Construction : le retour de la pierre

Belle, pérenne, écologique, saine… la pierre mérite que l’on s’y intéresse à l’heure de sélectionner le matériau de construction de sa maison.

Lorsque l’on décide de faire bâtir sa maison, il faut se décider pour tel ou tel matériau de construction. Aujourd’hui l’acquéreur a plus que l’embarras du choix : brique, parpaing, bois massif, ossature métallique ou ossature bois et même paille, voire terre crue… Pour autant, on pense moins souvent à la pierre qui est pourtant utilisée depuis toujours.

Un matériau plein d’atouts ? Sans aucun doute. Non seulement la pierre est extrêmement solide mais elle est aussi incombustible. Lorsqu’elle est apparente, elle offre un équilibre hygrométrique qui participe au confort intérieur. Grâce à son inertie thermique, elle protège l’habitation des écarts de température excessifs.
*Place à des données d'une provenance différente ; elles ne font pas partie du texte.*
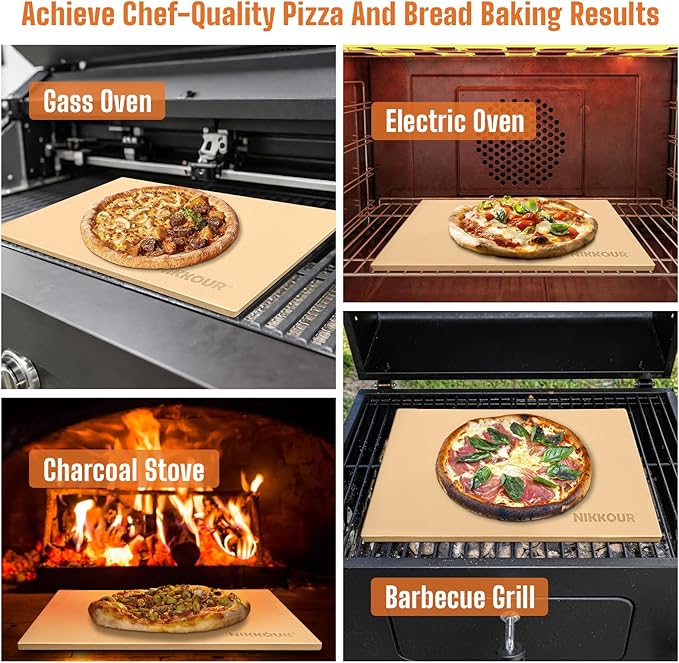 22 Inch Extra Large Rectangular Pizza Stone for Oven & Grill, Cordierite Baking Stone for Pizza Bread, Thermal Shock Resistant, Cooking Stone with Stainless Steel Cutter & 20 PCS Parchment Papers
L'été, par exemple, elle stocke la fraîcheur de la nuit pour participer, le jour, au rafraîchissement naturel de la maison.

Un matériau écologique ? Oui. Sa production nécessite très peu d’énergie. La boue et l’eau utilisées lors de son extraction sont retraitées. La France possède de nombreuses carrières de pierre et des usines de transformation. Les constructeurs et les architectes peuvent donc aisément se fournir près de leurs chantiers, des circuits courts qui participent au bon bilan carbone de la maison. Grâce à sa durabilité, la pierre peut être recyclée en étant réutilisée pour d’autres constructions.

Un matériau sain ? Absolument. A l’heure où l’on se préoccupe de plus en plus de la qualité de l’air à l’intérieur des maisons, la pierre affiche de sérieux atouts. Elle ne nécessite aucun adjuvant ni produit chimique pour sa production comme pour son emploi comme matériau de construction. C'est donc un matériau sain.

Question d'architecture. La pierre s'adapte à tous les styles. Elle peut servir à bâtir des demeures traditionnelles comme des maisons contemporaines. Dans certains secteurs sauvegardés, elle est même obligatoire, soit massive, soit sous sa forme de parements. Dans certains villages savoyards, par exemple, on impose la règle un tiers de soubassement de pierre, deux tiers de construction bois.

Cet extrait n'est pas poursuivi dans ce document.